- Your assignment -
Below are some records. Count the lines with "image" in them and give nothing but the total.

- Dataset entries -
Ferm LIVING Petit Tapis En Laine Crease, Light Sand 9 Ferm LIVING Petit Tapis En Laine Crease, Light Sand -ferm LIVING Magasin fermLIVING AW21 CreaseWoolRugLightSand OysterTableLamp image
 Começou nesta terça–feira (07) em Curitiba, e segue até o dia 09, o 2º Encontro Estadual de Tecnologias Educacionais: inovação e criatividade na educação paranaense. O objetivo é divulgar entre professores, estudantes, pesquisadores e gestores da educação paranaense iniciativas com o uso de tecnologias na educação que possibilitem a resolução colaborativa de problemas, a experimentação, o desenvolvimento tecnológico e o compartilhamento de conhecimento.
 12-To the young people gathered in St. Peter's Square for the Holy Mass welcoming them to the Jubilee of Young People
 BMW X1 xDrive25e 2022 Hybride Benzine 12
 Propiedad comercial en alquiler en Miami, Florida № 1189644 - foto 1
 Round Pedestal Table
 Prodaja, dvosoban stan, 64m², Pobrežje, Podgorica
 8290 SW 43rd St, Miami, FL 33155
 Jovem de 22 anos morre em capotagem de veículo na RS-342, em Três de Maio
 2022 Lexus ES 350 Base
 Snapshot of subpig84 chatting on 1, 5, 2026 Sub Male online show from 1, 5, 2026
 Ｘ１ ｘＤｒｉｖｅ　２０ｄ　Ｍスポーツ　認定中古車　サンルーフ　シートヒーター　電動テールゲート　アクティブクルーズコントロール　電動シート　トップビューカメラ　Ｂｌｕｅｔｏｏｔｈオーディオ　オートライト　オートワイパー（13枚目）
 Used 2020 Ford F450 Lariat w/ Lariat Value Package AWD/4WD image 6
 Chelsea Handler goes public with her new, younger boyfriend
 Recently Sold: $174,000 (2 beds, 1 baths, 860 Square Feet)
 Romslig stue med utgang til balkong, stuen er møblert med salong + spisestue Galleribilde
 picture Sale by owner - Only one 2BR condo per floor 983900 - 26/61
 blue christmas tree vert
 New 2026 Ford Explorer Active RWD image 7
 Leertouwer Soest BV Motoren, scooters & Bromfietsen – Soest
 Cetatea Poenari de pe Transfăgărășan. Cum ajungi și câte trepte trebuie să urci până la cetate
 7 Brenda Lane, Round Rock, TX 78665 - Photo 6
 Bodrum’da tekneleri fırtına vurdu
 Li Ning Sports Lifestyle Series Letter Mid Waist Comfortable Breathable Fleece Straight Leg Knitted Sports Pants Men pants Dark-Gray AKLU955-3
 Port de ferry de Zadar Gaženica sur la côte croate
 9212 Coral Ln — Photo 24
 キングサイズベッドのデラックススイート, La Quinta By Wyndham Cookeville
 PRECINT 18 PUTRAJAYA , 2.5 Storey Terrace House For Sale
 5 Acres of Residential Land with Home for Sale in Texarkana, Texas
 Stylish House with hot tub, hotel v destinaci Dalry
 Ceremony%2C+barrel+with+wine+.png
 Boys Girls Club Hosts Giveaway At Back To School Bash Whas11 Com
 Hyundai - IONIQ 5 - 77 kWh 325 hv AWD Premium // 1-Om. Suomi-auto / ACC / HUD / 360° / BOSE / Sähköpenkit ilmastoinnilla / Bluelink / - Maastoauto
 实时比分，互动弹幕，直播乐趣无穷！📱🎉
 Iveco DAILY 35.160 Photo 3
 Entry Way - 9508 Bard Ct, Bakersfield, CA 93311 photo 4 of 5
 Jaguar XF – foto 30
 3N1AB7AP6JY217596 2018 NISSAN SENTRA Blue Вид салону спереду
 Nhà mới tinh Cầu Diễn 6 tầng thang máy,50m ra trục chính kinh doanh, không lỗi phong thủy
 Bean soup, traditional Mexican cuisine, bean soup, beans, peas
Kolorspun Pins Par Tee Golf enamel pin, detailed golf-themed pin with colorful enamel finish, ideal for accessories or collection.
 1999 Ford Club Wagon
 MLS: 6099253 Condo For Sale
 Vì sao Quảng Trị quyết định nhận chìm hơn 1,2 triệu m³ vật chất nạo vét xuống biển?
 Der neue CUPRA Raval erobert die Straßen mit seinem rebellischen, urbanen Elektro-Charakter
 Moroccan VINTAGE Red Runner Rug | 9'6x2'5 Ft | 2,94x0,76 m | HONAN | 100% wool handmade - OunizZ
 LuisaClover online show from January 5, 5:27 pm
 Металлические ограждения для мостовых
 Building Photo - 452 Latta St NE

- Response below -
3